There is no obvious relation between the number of features/instances vs the relative performance of the Bregman versions over the non-Bregman versions.

On the high dimensional data (MNIST and Fasion MNIST) all 4 algorithms perform very well and quite similarly. In the other datasets however our implementations of the Bregman versions perform consistently worse than the standard versions, with up to a 10% decrease in prediction accuracy (as seen with the unregularized Ionosphere results).
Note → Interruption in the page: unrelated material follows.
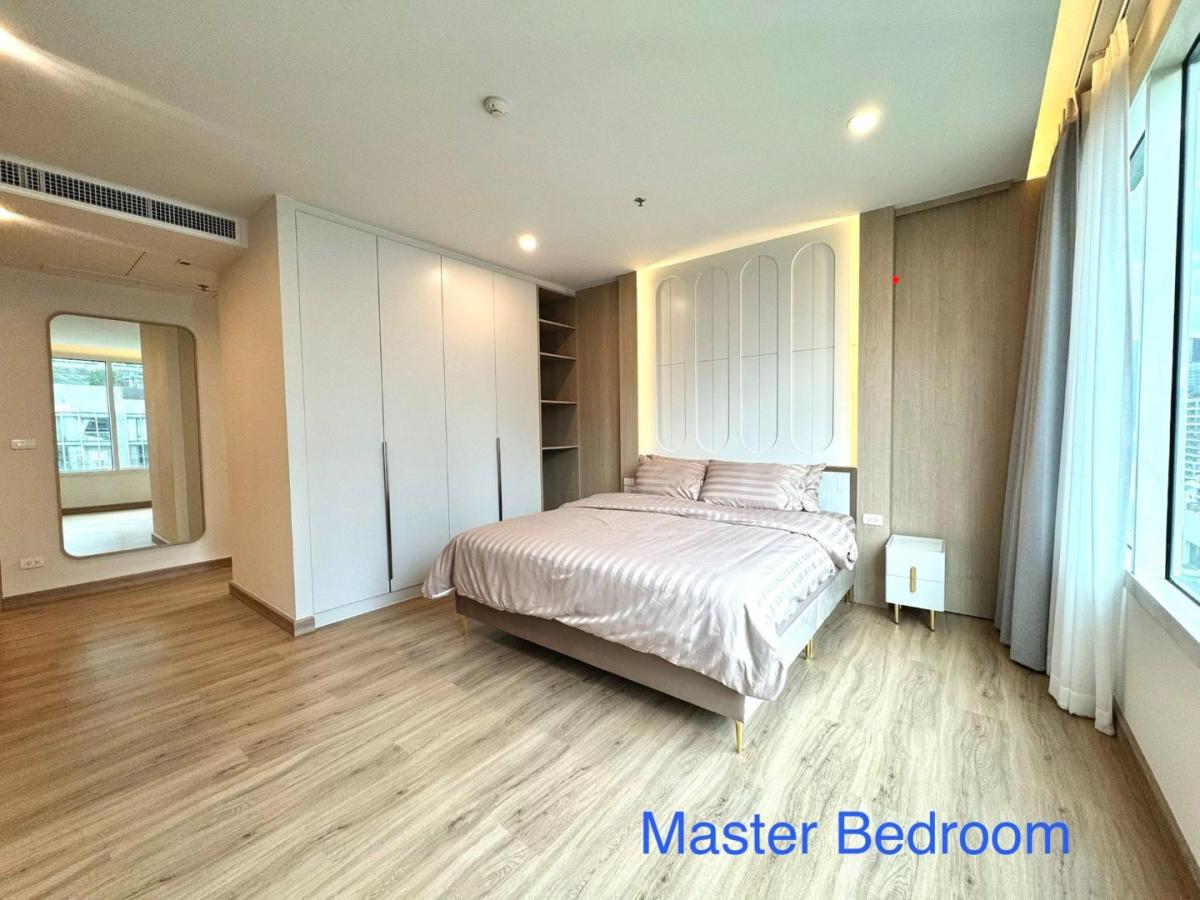 For RentCondoSilom, Saladaeng, Bangrak : 🔥For Rent Now!🔥 The Royal Saladaeng Luxury Condo, 3 bedrooms, 3 bathrooms, in the heart of Silom. Newly renovated unit, never been rented before. All furniture and appliances are brand new❗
It is difficult to completely understand where these differences have come from, as we could not always set all analogous choices to be the same in the algorithms so that we could more directly compare them. For example, the regularization in the Lasso (LR+L1) model is the Tikonov variant, whereas the Bregman LR+L1 algorithm performs Ivanov regularization. Further, this Ivanov regularization parameter in the Bregman LR+L1 algorithm, as well as the number of iterations, could not be set completely freely - the optimization package CVXPY runs into convergences issues if these are altered to bad values. For the Bregman LR algorithm, we encountered an edge case not explicitly mentioned in the paper by Collins, Schapire and Singer where certain weights may need to be adjusted by -inf or +inf. At first we tried simply add or substract a large number in these cases, however if the number of iterations became too large these weights became np.nan and this would flow through our results. Thus, we were somewhat artifically limited in the number of iterations we could perform by this.